Don’t do this. Accept the duplication. Use the patterns above to manage it.
Reference Data Management
Product categories, country codes, currency rates — data that multiple services need but doesn’t change often.
Approach 1 (Duplication): Each service keeps a local copy, refreshed nightly. Simple. Works if data is small and change frequency is low.
Approach 2 (Shared Service): A reference data service. Other services query it or cache responses. Creates coupling but ensures consistency.
Approach 3 (Event-Driven): The reference data service publishes changes. Other services subscribe and update local caches. Decoupled and responsive.
Use Approach 3 for critical reference data. Use Approach 1 for truly static data (ISO country codes).
Key Takeaways
-
Database per service is non-negotiable but creates new challenges: no cross-service joins, no distributed transactions, data duplication, eventual consistency.
-
CQRS separates write and read models — optimize the write model for business logic, the read model for query performance. Adds complexity but enables independent scaling and tailored data shapes.
-
Event Sourcing stores history instead of state — every change is an immutable event. Provides complete audit trail and enables temporal queries, but requires careful handling of snapshots and schema evolution.
-
API Composition is simple but has limits — works for 2-3 services but creates latency and availability coupling at scale.
-
Change Data Capture decouples analytics — stream changes from operational systems to data warehouse without explicit integration.
-
Start simple and add complexity deliberately — use a decision framework to justify CQRS or event sourcing. Not every service needs them.
Practice Scenarios
Scenario 1: E-Commerce Platform You’re building an e-commerce system with a product catalog, inventory, order service, and recommendation engine. Orders affect inventory. Recommendations need real-time product data. Customers see order history and recommendations on the same dashboard. How would you manage data across these services? Consider latency, consistency windows, and scaling needs.
Scenario 2: Banking Application A bank needs to maintain account balances (must be accurate), transaction history (must be complete), and fraud detection. Fraud detection needs to analyze patterns across accounts in real time. How does event sourcing help here? What are the trade-offs with using a traditional normalized database?

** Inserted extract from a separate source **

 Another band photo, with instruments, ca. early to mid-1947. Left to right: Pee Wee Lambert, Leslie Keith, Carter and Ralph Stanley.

Scenario 3: Multi-Tenant SaaS Your SaaS application has billing, user management, and feature services. Billing queries user data (subscription level, feature entitlements). User service queries billing for upgrade status. Reporting needs data from all three. What patterns apply here? Where would you introduce denormalization?
Looking Ahead: Observability and Resilience
We’ve now explored the complete picture of microservices architecture: decomposition, API design, resilience patterns, deployment strategies, and data management. In Chapter 17, we build on these foundations to design systems that are not just functional but also observable and resilient. You’ll learn how to instrument distributed systems so you can see what’s happening, detect failures before they cascade, and recover gracefully when things inevitably go wrong. Data consistency ensures correctness. Observability ensures you know when something is incorrect.